### Source data ###

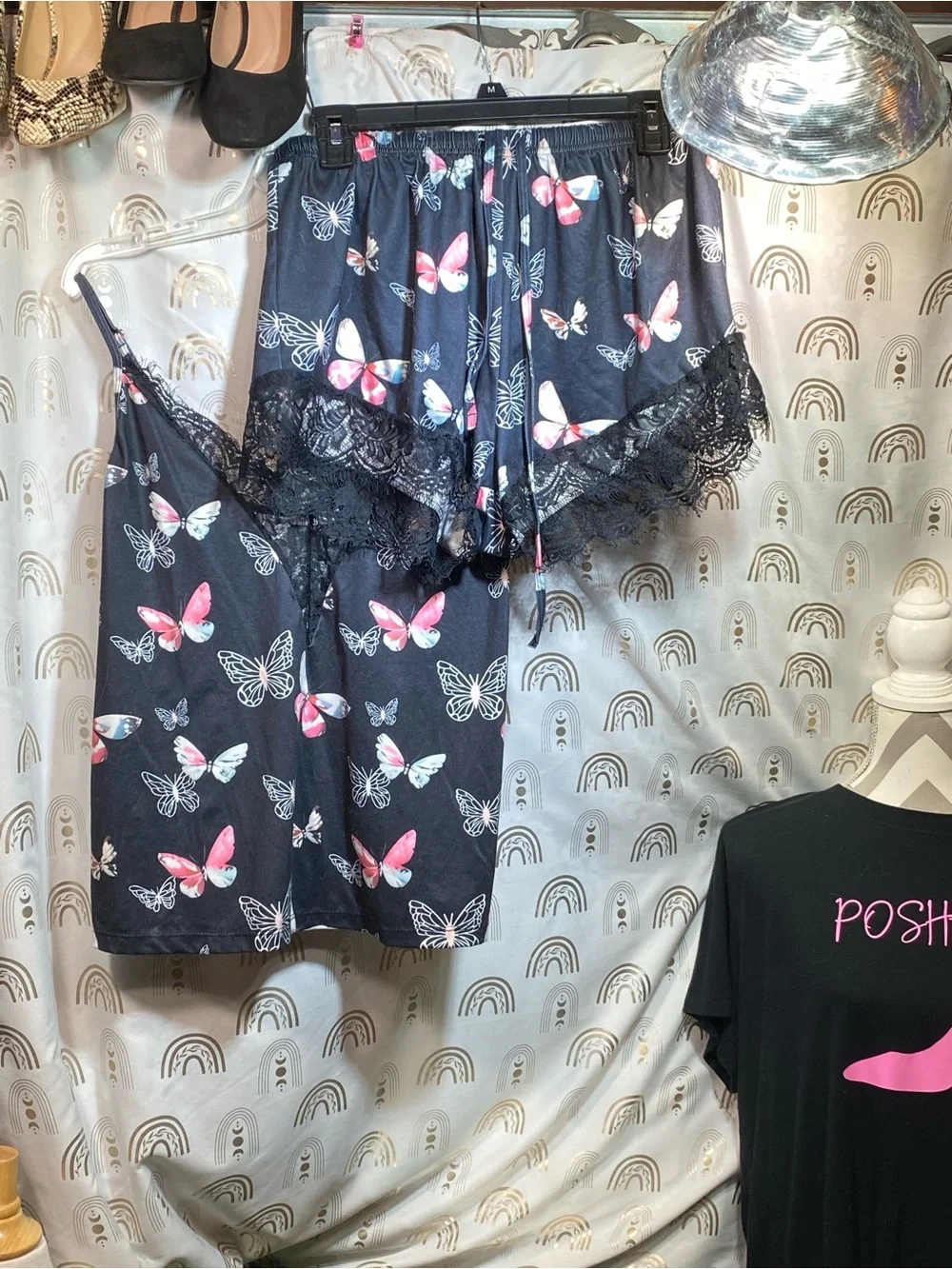 Women's Black Butterfly Print Lace-Trim Camisole & Shorts Set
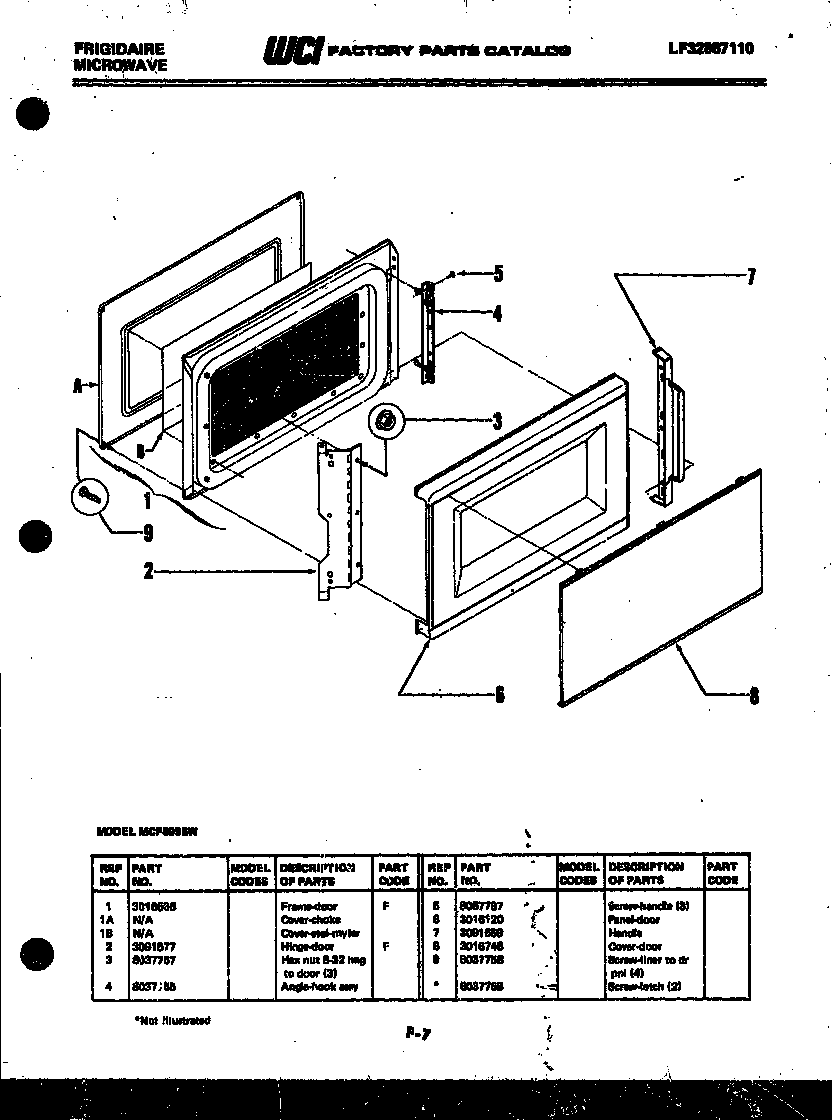 Frigidaire MCF899E1 door parts diagram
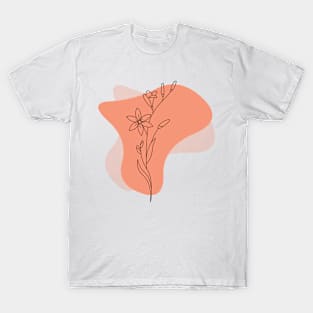 Peach minimalist floral T-Shirt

###

**Description of the task:**
With the pictures left out, write out all of the data exactly.

**The answer:**
 Women's Black Butterfly Print Lace-Trim Camisole & Shorts Set
 Frigidaire MCF899E1 door parts diagram
 Peach minimalist floral T-Shirt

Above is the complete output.